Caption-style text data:
********
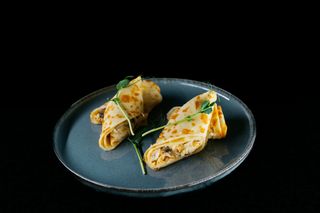 Млинець з куркою, грибами та сиром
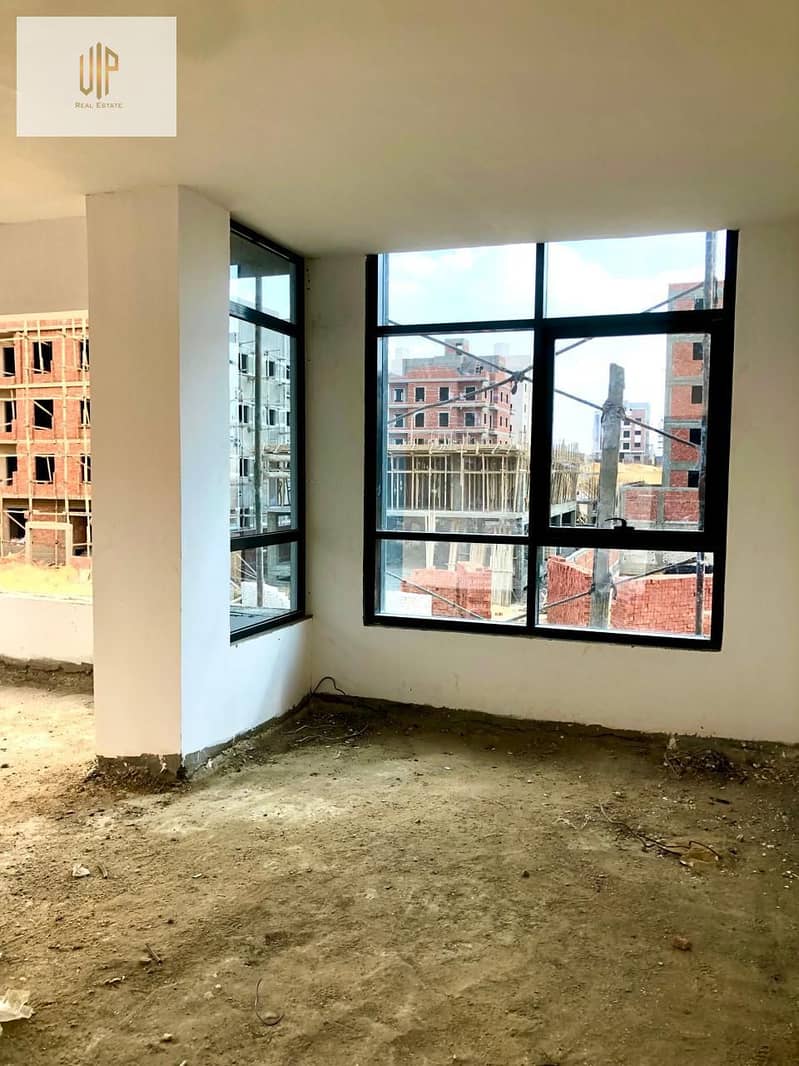 2 WhatsApp Image 2025-11-26 at 2.33. 57 PM (1). jpeg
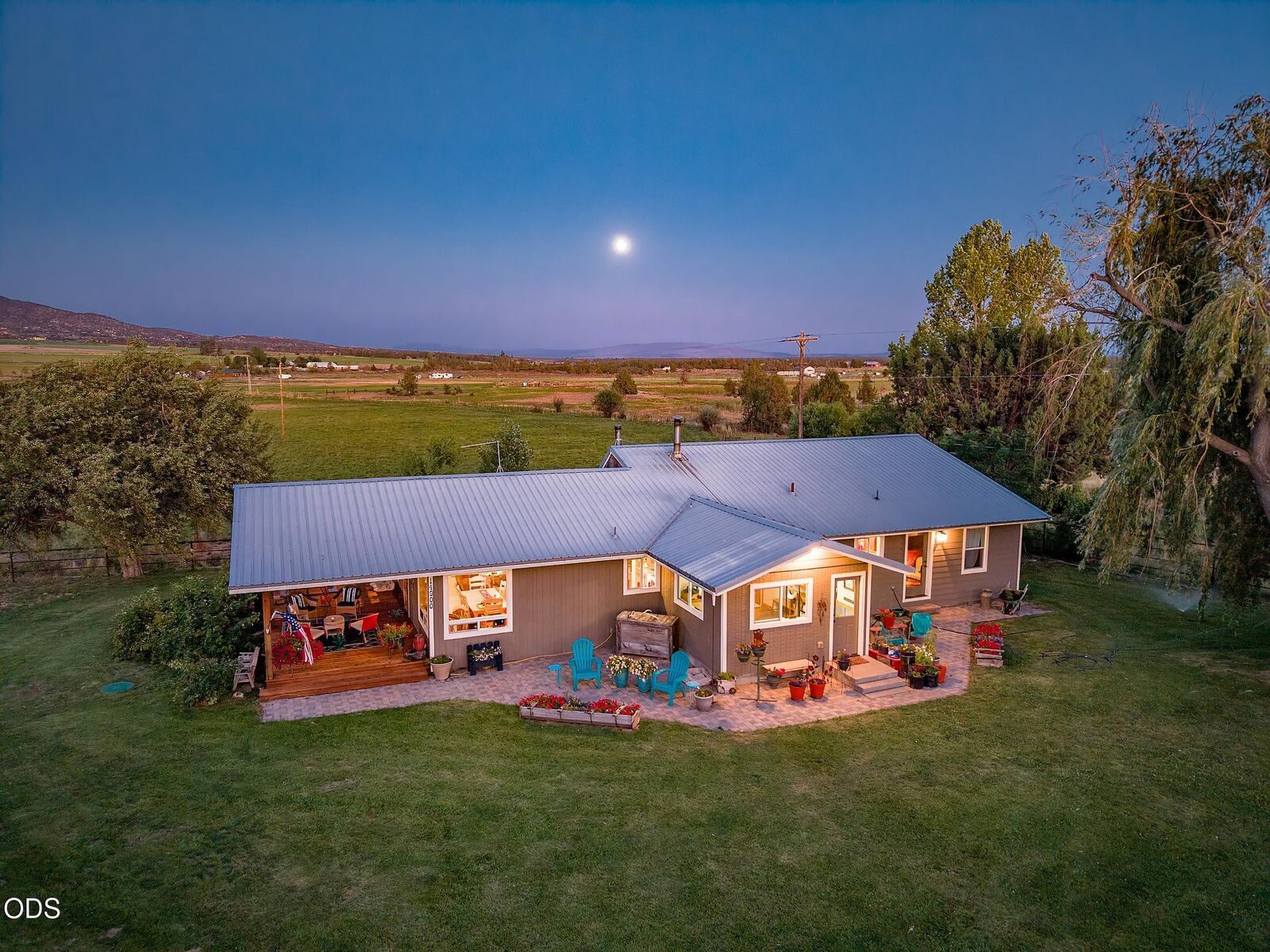 Property Photo:  14900 SW Miller Trail  OR 97753 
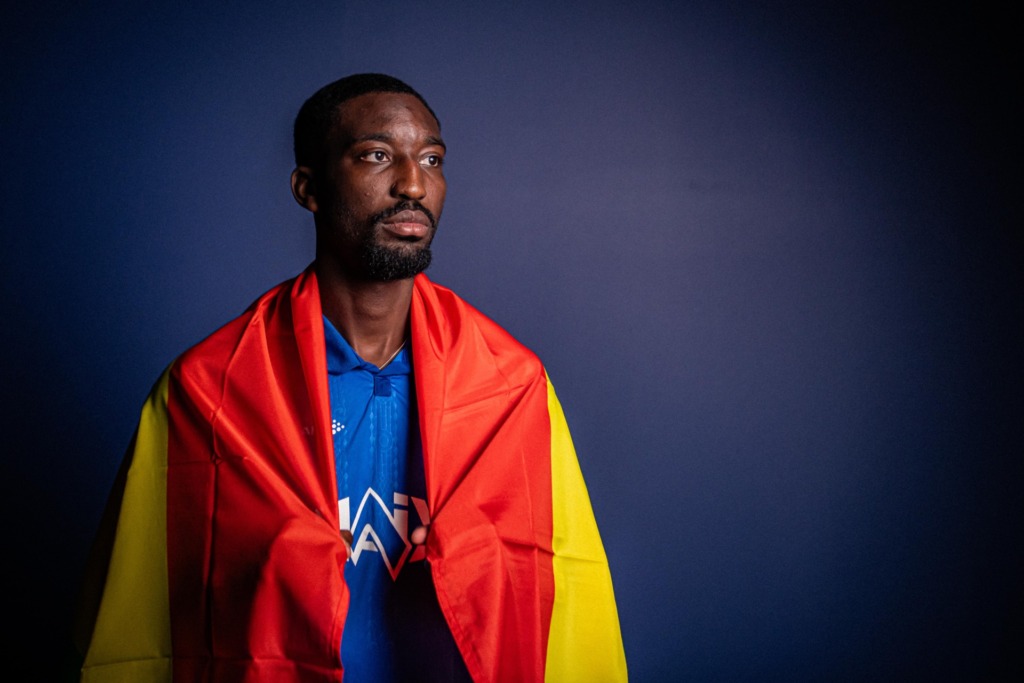 Patric Pfeiffer mit der Flagge von Ghana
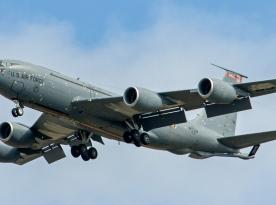 З повітряного дозаправника у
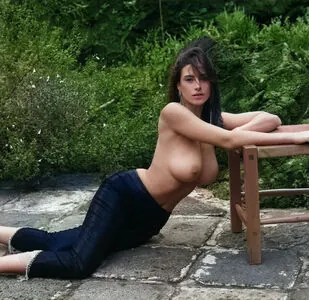 Alejandra Guilmant content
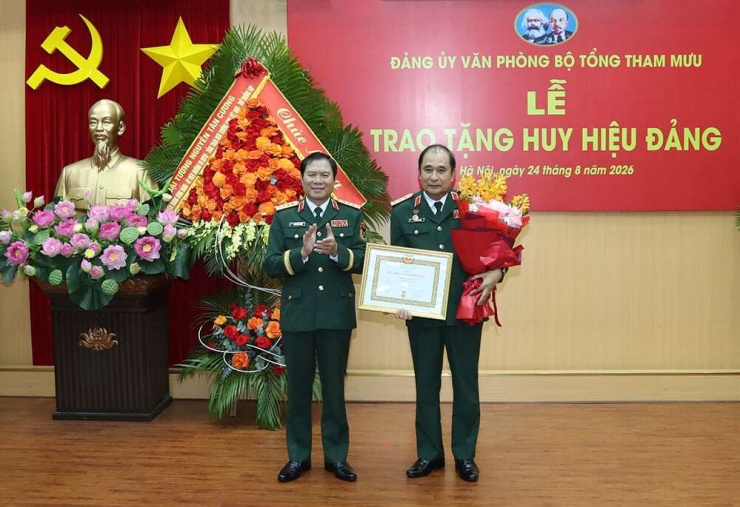 Đại tướng Nguyễn Tân Cương trao Huy hiệu 35 năm tuổi Đảng tặng Thượng tướng Phùng Sĩ Tấn. Ảnh: Bộ Quốc phòng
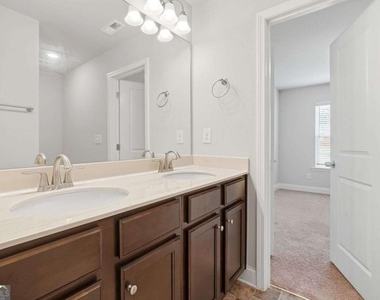 2408 Smoke Court - Photo Thumbnail 10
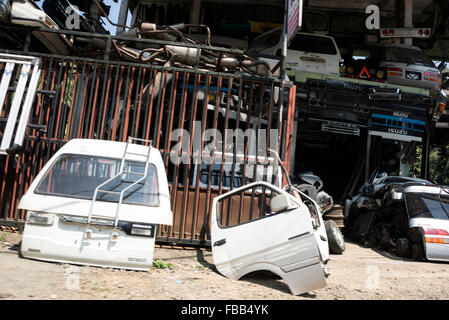 Eine Reihe von kleinen gebrauchten Auto Teile Geschäften auf der A1 Autobahn (Colombo-Kandy in Sri Lanka. Stockfoto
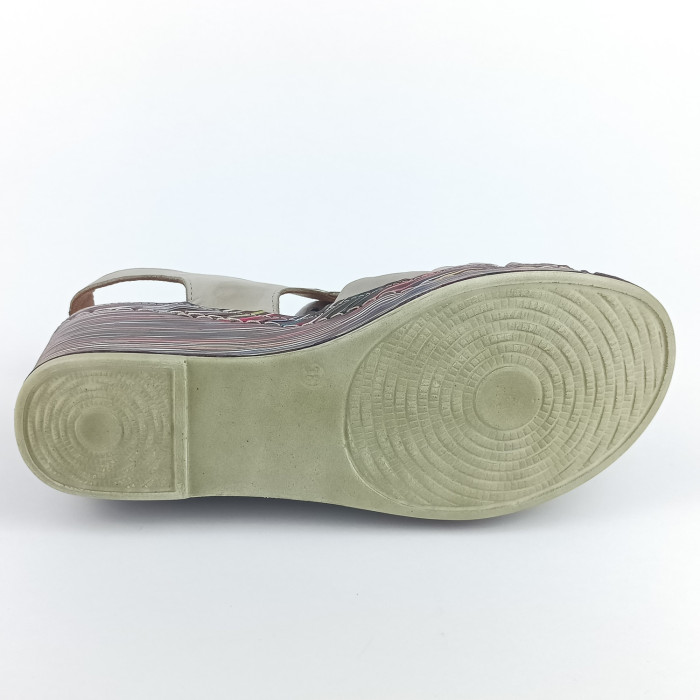 detail Dámské sandály na klínku Karyoka 2676-528 šedé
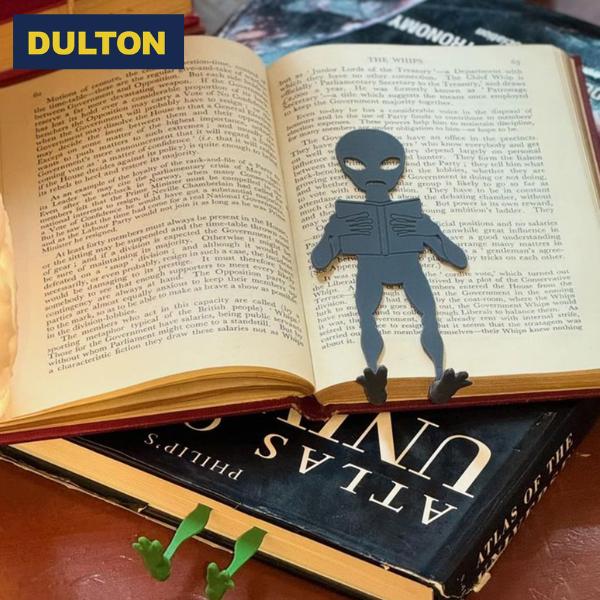 真剣な顔で本を読む姿がユニークなエイリアンのブックマーク。 彼らが読書に夢中になっている隙に、頭を逆さまにして本に挟んでください。 ぴょこんと飛び出た足はあなたが読んだページの印です。 本棚に並んでいる時も、無造作に机に置かれている時も、本...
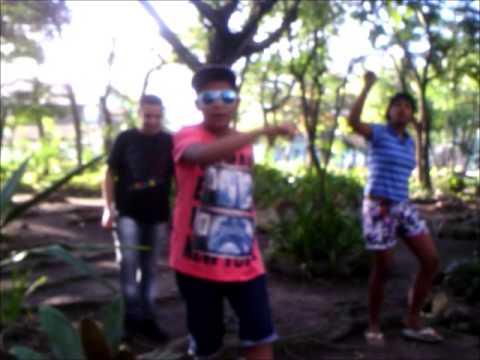 Mc Tan Tan  ( Pra Lá,Pra Cá)  official video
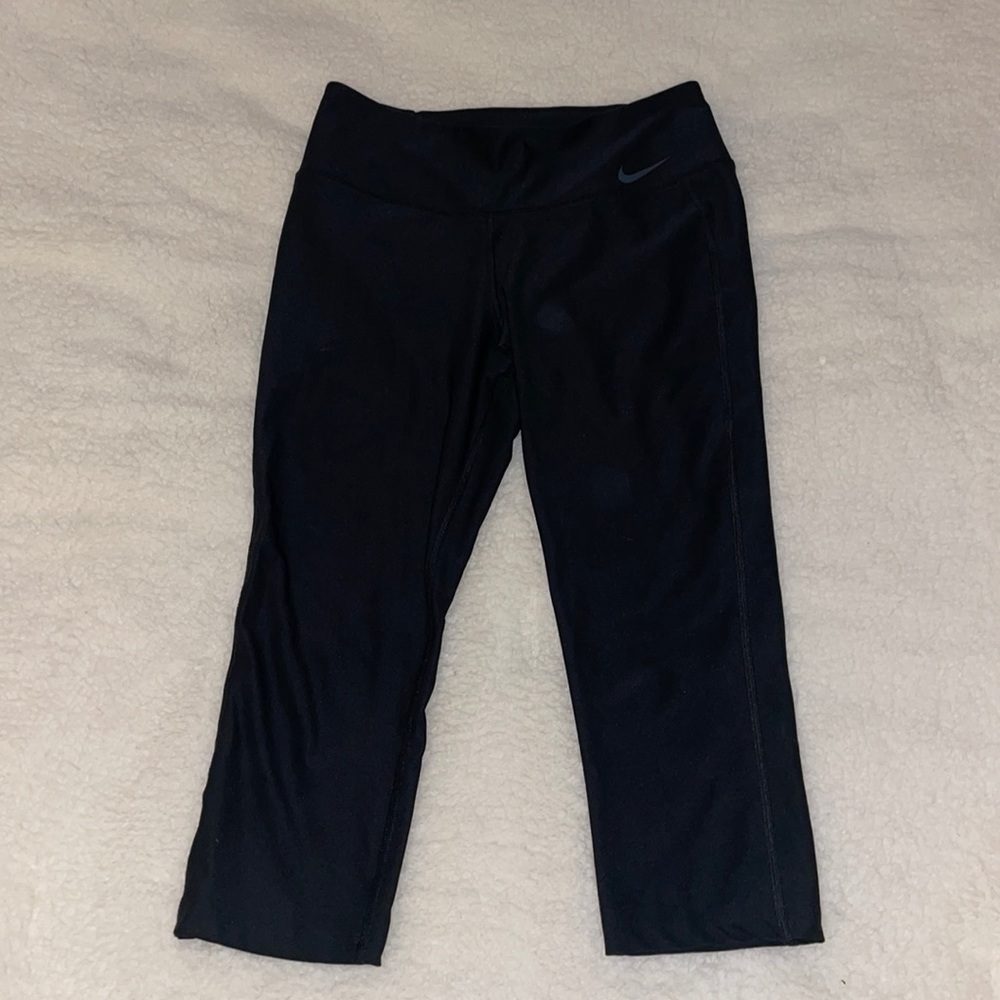Black Cropped Nike Leggings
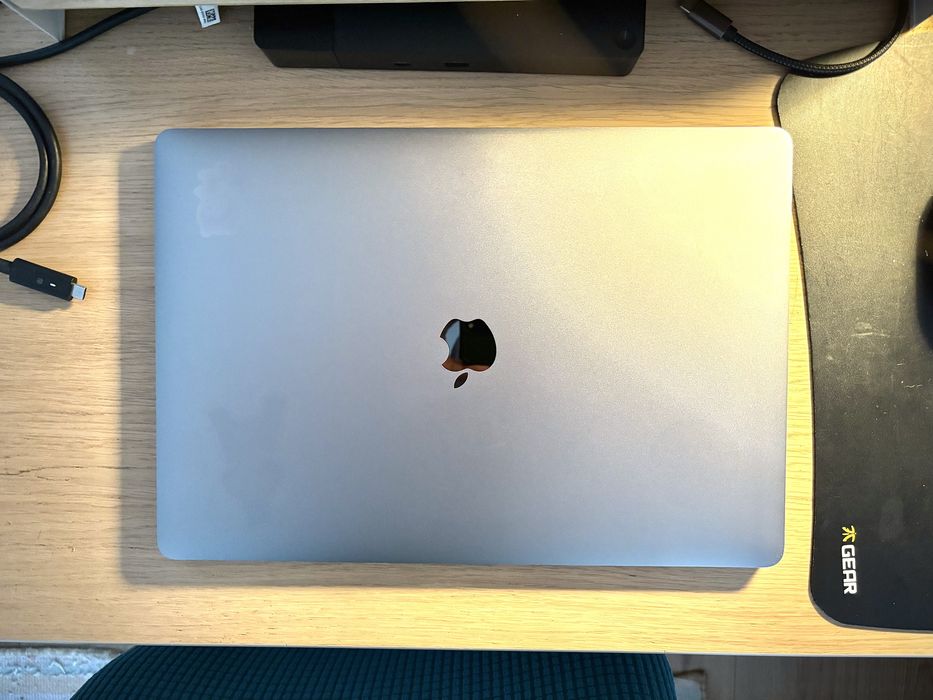 Apple Macbook Pro 15” i7 2.6 Ghz, RAM 16 Gb, SSD 240 Gb (2019) - A1990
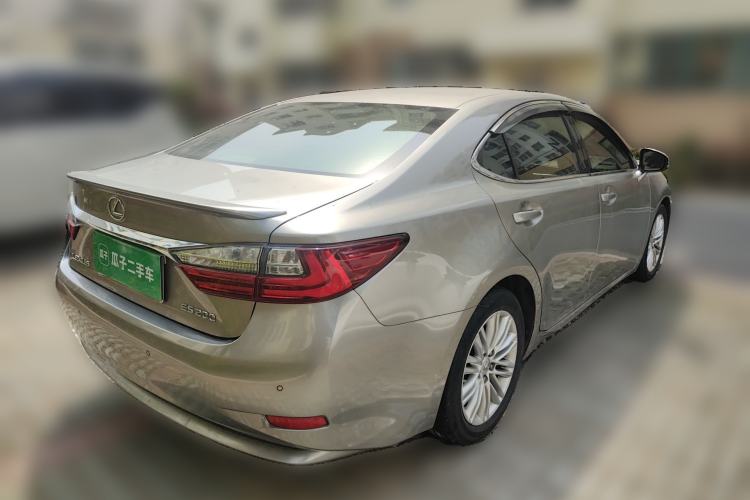 Used Lexus ES 2015 200 Elite Edition

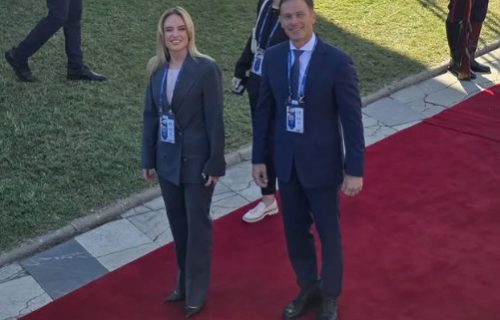 Sa koleginicom iz Vlade: Oglasio se Siniša Mali pred sam početak vojne parade "Sloboda jedinstva" (FOTO)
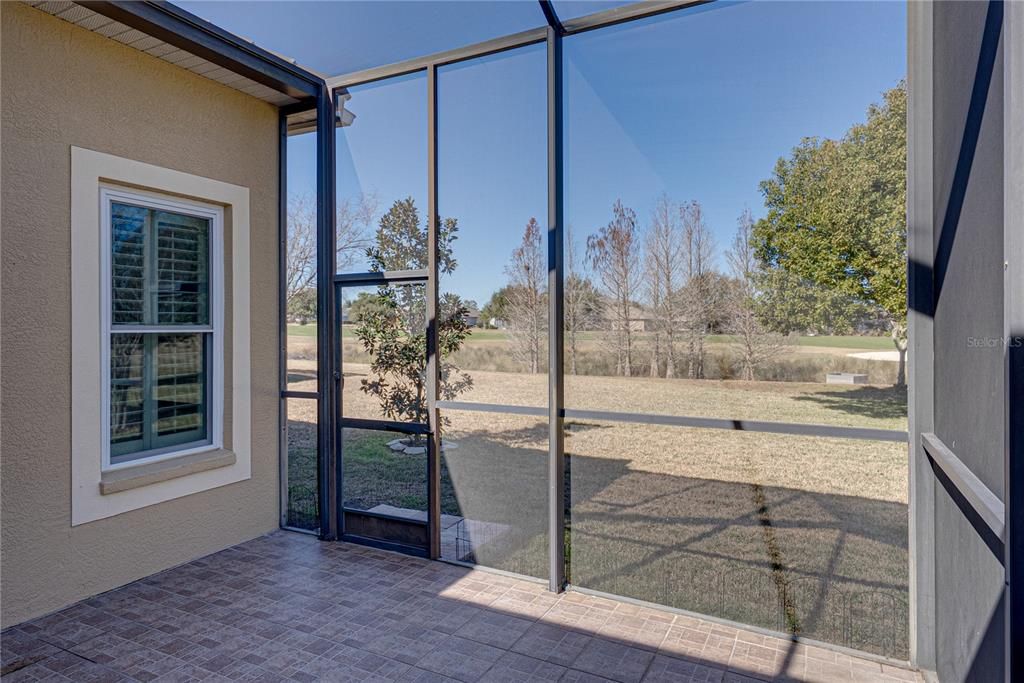 Activo con contrato: $485,000 (3 camas, 2 baños, 1997 Pies cuadrados)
********
EXERCISE
The lines from the one containing "Patric Pfeiffer mit der Flagge von Ghana" to the last line of the records, both included: print exactly those and nothing else, leaving out any pictures.

ANSWER FOR THIS EXERCISE
 Patric Pfeiffer mit der Flagge von Ghana
 З повітряного дозаправника у
 Alejandra Guilmant content
 Đại tướng Nguyễn Tân Cương trao Huy hiệu 35 năm tuổi Đảng tặng Thượng tướng Phùng Sĩ Tấn. Ảnh: Bộ Quốc phòng
 2408 Smoke Court - Photo Thumbnail 10
 Eine Reihe von kleinen gebrauchten Auto Teile Geschäften auf der A1 Autobahn (Colombo-Kandy in Sri Lanka. Stockfoto
 detail Dámské sandály na klínku Karyoka 2676-528 šedé
 真剣な顔で本を読む姿がユニークなエイリアンのブックマーク。 彼らが読書に夢中になっている隙に、頭を逆さまにして本に挟んでください。 ぴょこんと飛び出た足はあなたが読んだページの印です。 本棚に並んでいる時も、無造作に机に置かれている時も、本...
 Mc Tan Tan  ( Pra Lá,Pra Cá)  official video
Black Cropped Nike Leggings
 Apple Macbook Pro 15” i7 2.6 Ghz, RAM 16 Gb, SSD 240 Gb (2019) - A1990
 Used Lexus ES 2015 200 Elite Edition

 Sa koleginicom iz Vlade: Oglasio se Siniša Mali pred sam početak vojne parade "Sloboda jedinstva" (FOTO)
 Activo con contrato: $485,000 (3 camas, 2 baños, 1997 Pies cuadrados)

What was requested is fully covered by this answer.